Nanostring-Biostats / SpatialDecon

The SpatialDecon library implements the SpatialDecon algorithm for mixed cell deconvolution in spatial gene expression datasets. (This algorithm also works in bulk expression profiling data.)
MIT License
33 stars 8 forks source link

Which count matrix to use for creating custom cell profile matrix? #32

Closed aelhossiny closed 2 years ago

aelhossiny commented 2 years ago

Hi, Thank you for such a wonderful tool. I am trying to create custom cell profile matrix from paired SC samples, yet I am quite confused which count matrix should I use. The options are

Using "raw" counts while setting the argument "normalize = TRUE" Using RNA@data which are the normalized data Using "integrated" count matrix, which is the batch corrected integrated count matrix

All of them give me different results, and for biological interpretation, they all seem valid (i.e. despite there is enrichment of another cell cluster, this cluster belongs to the same cell type)

Another question, which normalized GeoMx count matrix should I be using? I tried using the log_normalized count matrix and it doesn't work well as using the Q3_normalized count matrix that hasn't been log normalized yet.

I would really appreciate your help! Thank you!

maddygriz commented 2 years ago

Hi @aelhossiny,

We have not tested the best normalization method for the single-cell data in profile matrix generation, but I think it is safe to say that whatever method is best for the standalone single-cell data is best for creating a profile matrix. In your case, I would assume it is the batch corrected integrated count matrix.
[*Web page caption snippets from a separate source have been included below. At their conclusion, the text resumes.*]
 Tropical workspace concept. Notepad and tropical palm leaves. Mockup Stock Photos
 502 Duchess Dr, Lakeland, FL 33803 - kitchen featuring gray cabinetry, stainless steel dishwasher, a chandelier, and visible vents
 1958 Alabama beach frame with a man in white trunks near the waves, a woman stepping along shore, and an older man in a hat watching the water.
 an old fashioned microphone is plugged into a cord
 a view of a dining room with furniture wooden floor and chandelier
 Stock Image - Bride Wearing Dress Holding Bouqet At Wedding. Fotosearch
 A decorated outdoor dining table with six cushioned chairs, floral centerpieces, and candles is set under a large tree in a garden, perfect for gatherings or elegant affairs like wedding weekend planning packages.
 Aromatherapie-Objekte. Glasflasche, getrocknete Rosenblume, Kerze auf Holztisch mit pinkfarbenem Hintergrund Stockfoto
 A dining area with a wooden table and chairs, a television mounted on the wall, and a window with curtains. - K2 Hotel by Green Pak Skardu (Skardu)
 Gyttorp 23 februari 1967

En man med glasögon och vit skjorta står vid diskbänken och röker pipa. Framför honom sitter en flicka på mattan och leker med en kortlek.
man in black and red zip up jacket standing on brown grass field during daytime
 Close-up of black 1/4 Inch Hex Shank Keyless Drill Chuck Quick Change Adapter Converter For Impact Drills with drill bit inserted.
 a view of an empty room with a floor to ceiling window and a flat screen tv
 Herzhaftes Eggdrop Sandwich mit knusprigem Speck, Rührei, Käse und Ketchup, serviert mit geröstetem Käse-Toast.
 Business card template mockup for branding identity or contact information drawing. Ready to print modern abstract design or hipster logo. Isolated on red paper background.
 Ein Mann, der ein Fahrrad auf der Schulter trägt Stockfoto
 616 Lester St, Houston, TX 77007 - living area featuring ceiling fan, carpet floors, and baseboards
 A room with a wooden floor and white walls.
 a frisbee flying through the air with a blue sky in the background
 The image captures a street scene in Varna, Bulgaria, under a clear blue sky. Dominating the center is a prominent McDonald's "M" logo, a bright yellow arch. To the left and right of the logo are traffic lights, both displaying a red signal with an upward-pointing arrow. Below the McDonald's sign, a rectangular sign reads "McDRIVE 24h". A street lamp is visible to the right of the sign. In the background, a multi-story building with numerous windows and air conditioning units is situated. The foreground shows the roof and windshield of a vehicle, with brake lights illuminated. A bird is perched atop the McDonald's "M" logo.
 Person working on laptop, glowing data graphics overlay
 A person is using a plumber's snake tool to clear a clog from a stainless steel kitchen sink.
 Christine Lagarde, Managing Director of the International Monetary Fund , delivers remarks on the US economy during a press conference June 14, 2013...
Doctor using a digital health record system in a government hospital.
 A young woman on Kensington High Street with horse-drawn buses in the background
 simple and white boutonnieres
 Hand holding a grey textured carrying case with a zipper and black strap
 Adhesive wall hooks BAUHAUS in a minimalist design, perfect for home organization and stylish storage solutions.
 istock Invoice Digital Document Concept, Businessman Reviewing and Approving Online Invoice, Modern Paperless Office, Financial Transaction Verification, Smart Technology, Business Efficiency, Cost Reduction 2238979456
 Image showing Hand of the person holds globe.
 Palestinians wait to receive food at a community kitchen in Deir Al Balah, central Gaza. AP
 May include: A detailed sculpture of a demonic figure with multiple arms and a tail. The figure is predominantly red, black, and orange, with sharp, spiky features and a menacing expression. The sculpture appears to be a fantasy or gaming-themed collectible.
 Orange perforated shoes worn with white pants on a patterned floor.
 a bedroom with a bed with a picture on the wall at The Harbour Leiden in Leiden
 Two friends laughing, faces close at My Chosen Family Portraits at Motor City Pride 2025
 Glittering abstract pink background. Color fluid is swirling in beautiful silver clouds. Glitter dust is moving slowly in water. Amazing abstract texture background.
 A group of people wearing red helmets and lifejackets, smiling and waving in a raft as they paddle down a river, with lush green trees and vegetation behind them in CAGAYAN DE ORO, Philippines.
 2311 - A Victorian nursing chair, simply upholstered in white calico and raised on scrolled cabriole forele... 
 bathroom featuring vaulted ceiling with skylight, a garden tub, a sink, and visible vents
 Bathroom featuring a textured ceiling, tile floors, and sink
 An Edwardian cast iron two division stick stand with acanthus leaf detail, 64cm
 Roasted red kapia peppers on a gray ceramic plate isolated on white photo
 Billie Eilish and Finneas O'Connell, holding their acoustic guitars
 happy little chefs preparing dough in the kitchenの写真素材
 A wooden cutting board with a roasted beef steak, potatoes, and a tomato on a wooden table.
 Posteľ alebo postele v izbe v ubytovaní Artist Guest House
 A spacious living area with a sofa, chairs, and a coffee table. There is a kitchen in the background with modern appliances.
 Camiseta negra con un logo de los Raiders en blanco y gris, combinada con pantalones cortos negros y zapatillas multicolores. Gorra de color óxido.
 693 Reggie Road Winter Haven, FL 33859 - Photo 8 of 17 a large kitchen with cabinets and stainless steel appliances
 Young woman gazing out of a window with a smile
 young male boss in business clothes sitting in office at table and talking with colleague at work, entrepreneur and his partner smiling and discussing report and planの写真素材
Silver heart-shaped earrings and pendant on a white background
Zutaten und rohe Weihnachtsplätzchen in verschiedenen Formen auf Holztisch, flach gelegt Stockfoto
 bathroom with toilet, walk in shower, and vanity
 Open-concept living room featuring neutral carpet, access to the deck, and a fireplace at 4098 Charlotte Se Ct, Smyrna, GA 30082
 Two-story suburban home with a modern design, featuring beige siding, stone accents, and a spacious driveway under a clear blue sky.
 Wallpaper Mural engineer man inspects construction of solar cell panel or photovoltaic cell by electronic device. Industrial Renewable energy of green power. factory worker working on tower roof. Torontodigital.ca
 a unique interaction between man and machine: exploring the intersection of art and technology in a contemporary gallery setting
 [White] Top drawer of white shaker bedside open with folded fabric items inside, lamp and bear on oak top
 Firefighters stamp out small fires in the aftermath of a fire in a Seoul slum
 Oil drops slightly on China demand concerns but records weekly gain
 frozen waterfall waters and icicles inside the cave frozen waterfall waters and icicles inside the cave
As for the normalization method on the GeoMx side, SpatialDecon expects linear-scale cell profile matrices so don't use log normalization.

Maddy

aelhossiny commented 2 years ago

just a follow up, I noted from the paper that described the algorithm that when optimizing

β.1 = argminβ.i||log(Y.i)−log(B.i+Xβ.i)|| Xp∙K is defined as the cell profile matrix giving the linear-scale expression of p genes over K cell types.

But the scRNASeq data is log normalized already? Does that mean I should use raw counts?

maddygriz commented 2 years ago

If you log normalized your scRNAseq data, then yes you should use the raw counts and normalize in SpatialDecon using the argument "normalize = TRUE". But if you normalized the scRNAseq data not using log normalization I would use that.